§ **EXERCISE OBJECTIVE**
Omit the pictures from the entries below and retype everything else exactly.
### EXERCISE INPUT ###
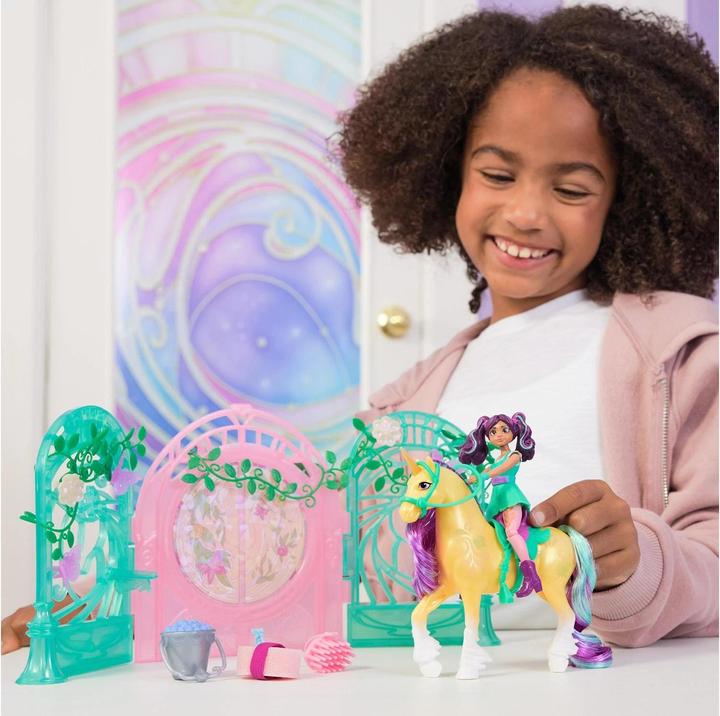 Actual product image Unicorn Academy - Small Doll Ava & Leaf Stable Playset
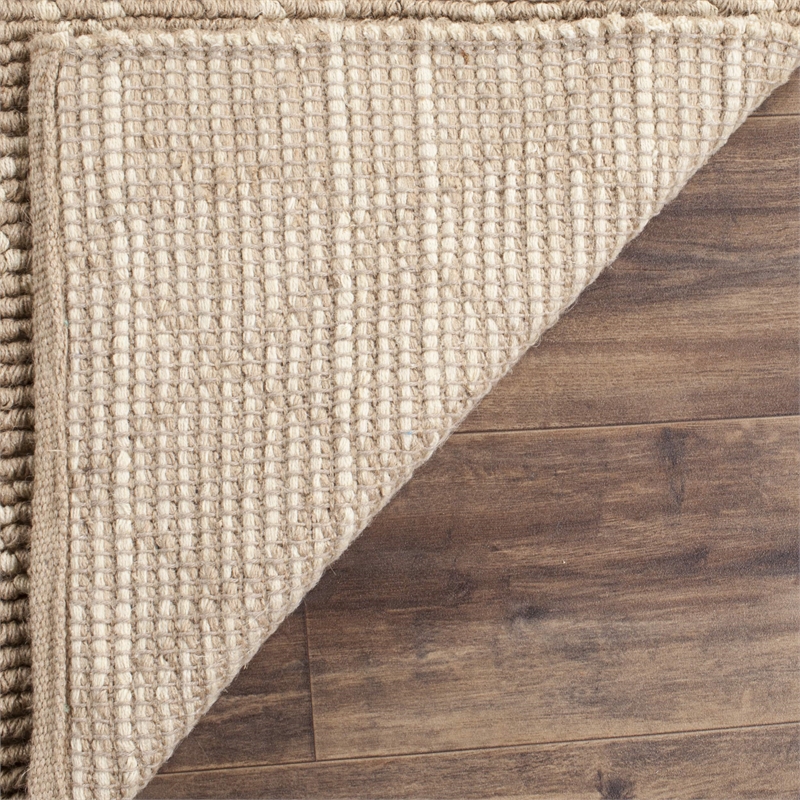 Safavieh Cape Cod 5' X 8' Hand Woven Jute Rug in Natural and Ivory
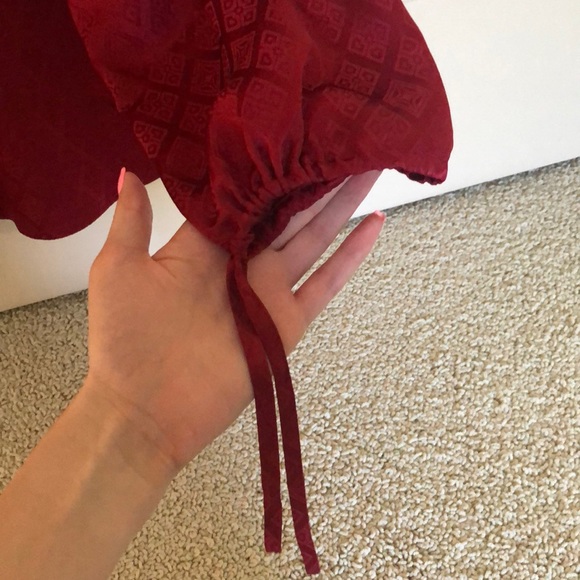 Red Silk Blouse button long sleeve - Picture 5 of 6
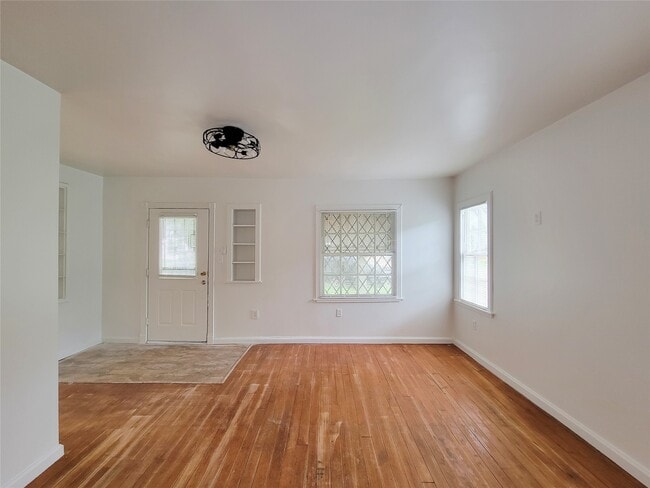 Building Photo - 2816 Elser St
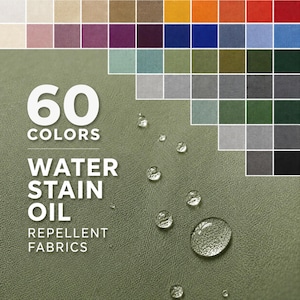 Op de afbeelding: Een afbeelding van een stofstaal met 60 kleuropties. De tekst luidt "60 Kleuren Water-, Vlek- en Olieafstotende Stoffen". Waterdruppels zijn zichtbaar op de stof, wat de afstotende eigenschappen benadrukt. De kleurstalen zijn in een raster gerangschikt.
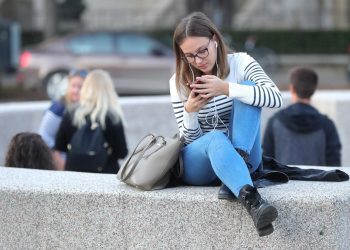 Mlađim od 16 godina zakonom zabranili korištenje društvenih mreža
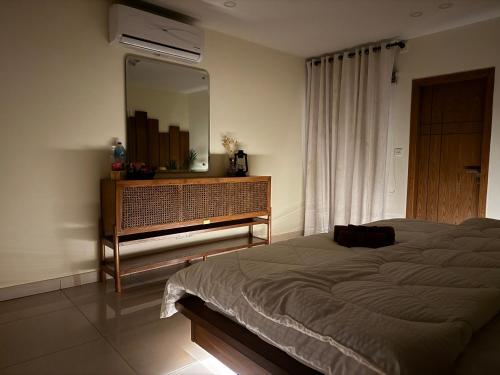 The Skyluxe Designer Suite with Rooftop Pool - image 3
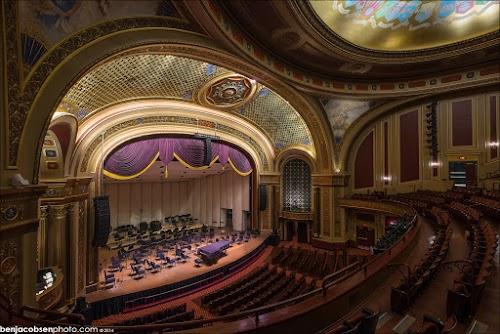 veterans-memorial-auditorium-the-vets-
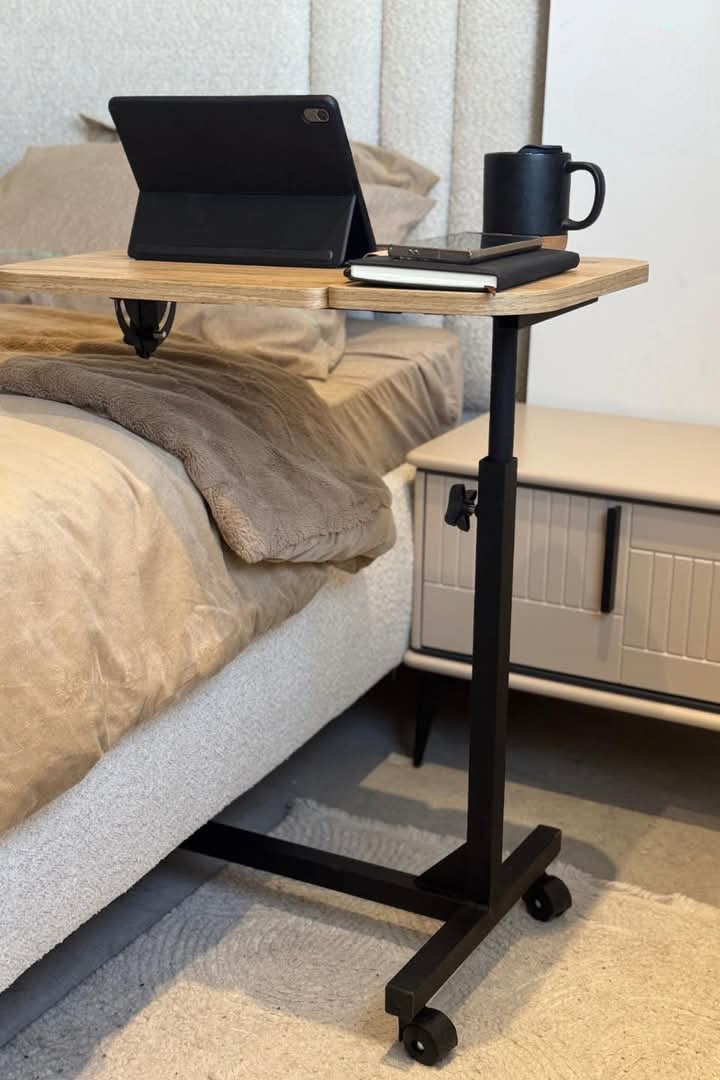 Table Réglable pour PC Portable avec 4 Roues 60x38 cm — Bureau Mobile Ergonomique et Moderne pour la Maison ou le Bureau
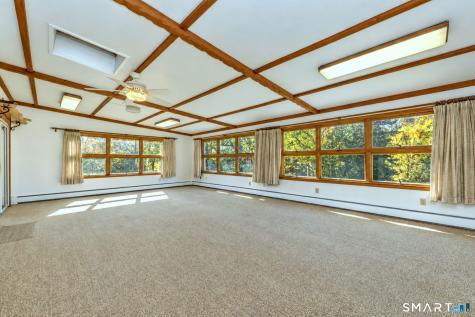 18 Taagan Point Road Danbury CT 06811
###
§ **SOLUTION FOR THIS EXERCISE**
 Actual product image Unicorn Academy - Small Doll Ava & Leaf Stable Playset
 Safavieh Cape Cod 5' X 8' Hand Woven Jute Rug in Natural and Ivory
 Red Silk Blouse button long sleeve - Picture 5 of 6
 Building Photo - 2816 Elser St
 Op de afbeelding: Een afbeelding van een stofstaal met 60 kleuropties. De tekst luidt "60 Kleuren Water-, Vlek- en Olieafstotende Stoffen". Waterdruppels zijn zichtbaar op de stof, wat de afstotende eigenschappen benadrukt. De kleurstalen zijn in een raster gerangschikt.
 Mlađim od 16 godina zakonom zabranili korištenje društvenih mreža
 The Skyluxe Designer Suite with Rooftop Pool - image 3
 veterans-memorial-auditorium-the-vets-
 Table Réglable pour PC Portable avec 4 Roues 60x38 cm — Bureau Mobile Ergonomique et Moderne pour la Maison ou le Bureau
 18 Taagan Point Road Danbury CT 06811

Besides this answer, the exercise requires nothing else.